The dns configuration allows you resolve one or several domains to another IP address than they normally would.

This can be useful to crawl a website in pre-production as if it was already deployed on the real domain.

Extra HTTP headers

{
  "extra_headers": {
    "Cookie": "lang=fr;",
    "X-My-Token": "1234"
  }
}

The extra_headers configuration allows you to inject custom HTTP headers to each of the crawl’s HTTP requests.

HTTP Authentication

{
  "http_auth": {
    "username": "user",
    "password": "1234",
    "scheme": "Digest",
    "realm": null
  }
}

The http_auth configuration allows you to crawl sites behind an authentication.

It can be useful to crawl a website in pre-production that is password protected before its release.

Property Description
username
required
Username to authenticate with.
password
required
Password to authenticate with.
scheme
required
How to authenticate.
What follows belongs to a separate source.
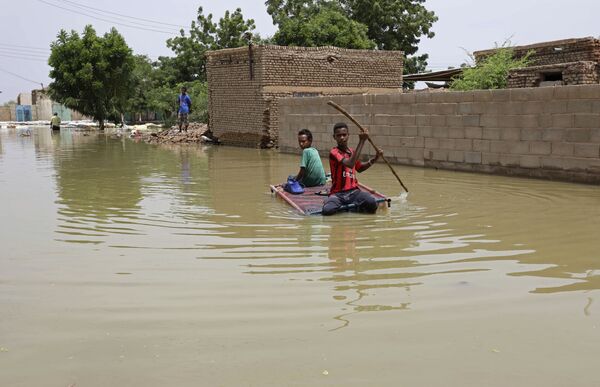 Подростки плывут на плоту по затопленной в результате наводнения улице в городе Салмания, Судан - Sputnik Казахстан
Available values are Basic Digest and NTLM.
realm
optional
The authentication realm.
To NTLM this correspond to the domain.

Robots.txt

{
  "robots_txt": [{
    "host": "www.oncrawl.com",
    "content": "CONTENT OF YOUR ROBOTS.TXT"
  }]
}

The robots_txt configuration allows you to override, for a given host, its robots.txt.

It can be use to:

Because you can make the crawler ignore the robots.txt of a website, it is necessary to verify the ownership of this project to use this feature.

For now you can only verify the ownership using the OnCrawl application.

Update a configuration

Update a crawl configuration.

curl "https://app.oncrawl.com/api/v2/projects/<project_id>/crawl_configs" \
    -H "Authorization: Bearer {ACCESS_TOKEN}" \
    -H "Content-Type: application/json" \
    -X PUT \
    -d @- <<EOF
    {
        "crawl_config": {
            "name": "New crawl configuration",
            "start_url": "https://www.oncrawl.com",
            "user_agent": "OnCrawl",
            "max_speed": 1
        }
    }
EOF
import requests

requests.put("https://app.oncrawl.com/api/v2/projects/<project_id>/crawl_configs", json={
        "crawl_config": {
            "name": "New crawl configuration",
            "start_url": "https://www.oncrawl.com",
            "user_agent": "OnCrawl",
            "max_speed": 1
        }
  },
  headers={ 'Authorization': 'Bearer {ACCESS_TOKEN}' }
)

HTTP request

It takes the same parameters as a crawl configuration creation except the name that cannot be modified and must be the same.

HTTP response

It returns the same response as a crawl configuration creation.

Delete a configuration

Delete a configuration.

curl -X DELETE "https://app.oncrawl.com/api/v2/projects/<project_id>/crawl_configs/<crawl_config_id>" \
    -H "Authorization: Bearer {ACCESS_TOKEN}"
import requests

requests.delete("https://app.oncrawl.com/api/v2/projects/<project_id>/crawl_configs/<crawl_config_id>",
    headers={ 'Authorization': 'Bearer {ACCESS_TOKEN}' }
)

HTTP request

No HTTP parameters.

HTTP Response

Returns an HTTP 204 status code if successful.